- Directed by: Earl E. Smith
- Screenplay by: Earl E. Smith
- Produced by: Earl E. Smith Barbara Pryor
- Starring: Joe Don Baker Sondra Locke Ted Neeley Dennis Fimple John Davis Chandler Linda Dano Slim Pickens
- Cinematography: James W. Roberson
- Edited by: Tom Boutross
- Music by: Jaime Mendoza-Nava
- Production company: Farwinds Productions
- Distributed by: Howco International Pictures
- Release date: June 10, 1977;
- Running time: 114 minutes
- Country: United States
- Language: English

= The Shadow of Chikara =

1977 American horror film

The Shadow of Chikara (also known as Demon Mountain, The Ballad of Virgil Cane, Thunder Mountain, Wishbone Cutter, and The Curse of Demon Mountain) is a 1977 American horror Western film written and directed by Earl E. Smith. The film stars Joe Don Baker, Sondra Locke, Ted Neeley, Dennis Fimple, John Davis Chandler, Linda Dano and Slim Pickens. It features the song The Night They Drove Old Dixie Down by The Band.

==Plot==

Confederate veterans of the last battle of the American Civil War team up with a geologist and set out to find a hidden treasure: diamonds hidden in a cave in an Arkansas mountain. However, the soldiers find they are being followed by a mysterious hunter (or hunters) who may have a connection to a mythic eagle spirit, Chikara.

==Cast==
- Joe Don Baker as Wishbone Cutter
- Sondra Locke as Drusilla Wilcox
- Ted Neeley as Amos Richmond
- Dennis Fimple as Posey
- John Davis Chandler as Rafe
- Linda Dano as Rosalie Cutter
- Slim Pickens as Virgil Cane

==Production==
The Shadow of Chikara is the first feature film ever shot on the Buffalo National River. Principal photography commenced on October 21, 1976, in Yellville, Arkansas. Production moved to Bull Shoals-White River State Park by early November and continued in the area for seven weeks. NBC affiliate KYTV of Springfield, Missouri aired a behind-the-scenes program on November 21, 1976.

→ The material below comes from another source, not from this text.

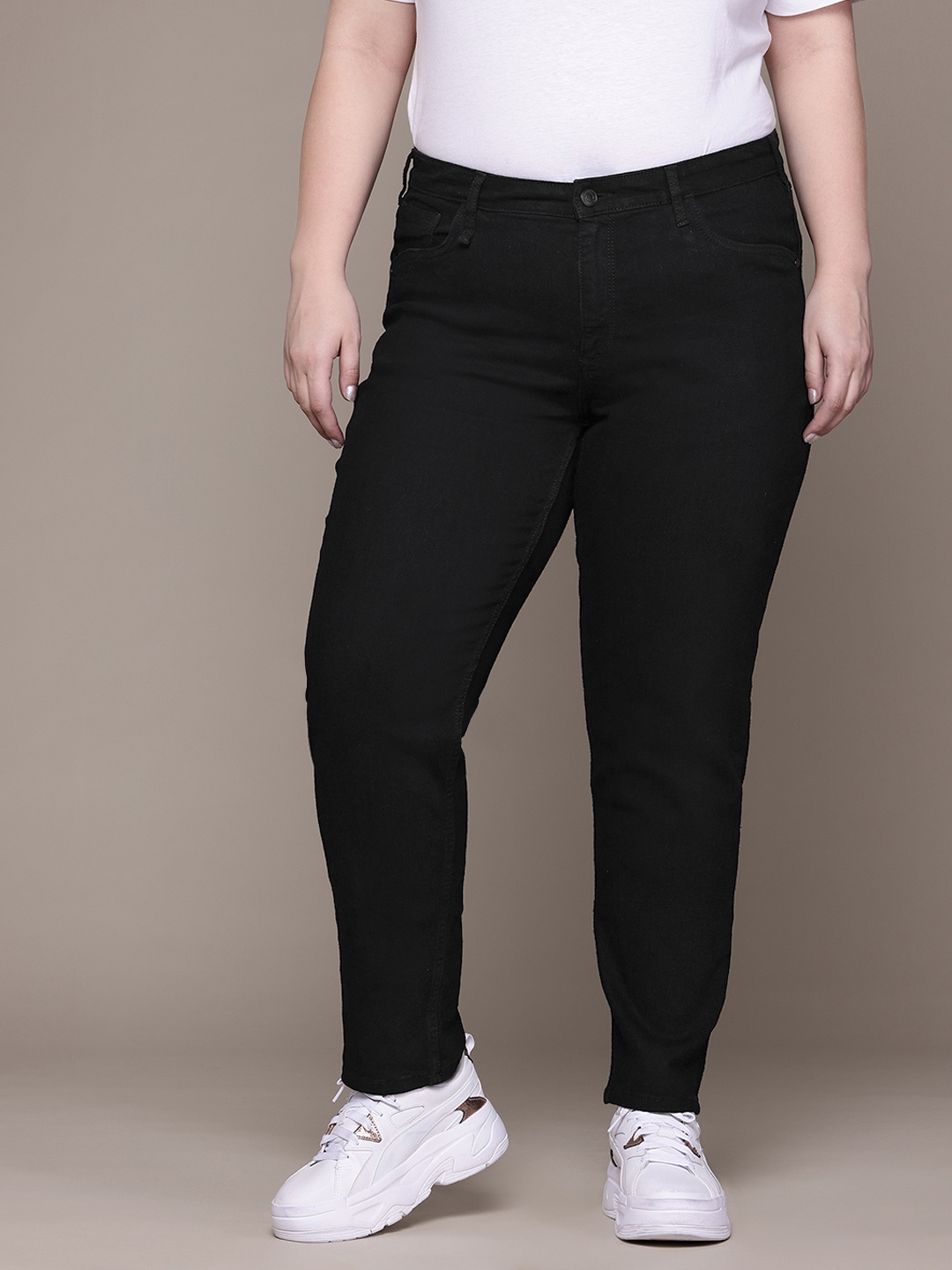 

The Roadster Lifestyle Co. Women Plus Size Mom Fit Stretchable Jeans, Black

Locke's then-boyfriend Clint Eastwood flew in about three weeks into the shoot and spent his days touring the countryside and fishing while she worked.

==Release==
It was released on June 10, 1977, by Howco International Pictures.

==Home media==
The film was released on DVD by Mill Creek Entertainment on July 5, 2005. It was later released by Dead Of Night on February 20, 2006. It was re-released by Mill Creek on September 12, that same year. In 2015, it was released by Movies Unlimited and Willette Acquisition Corp. on July 10, and 20th respectively.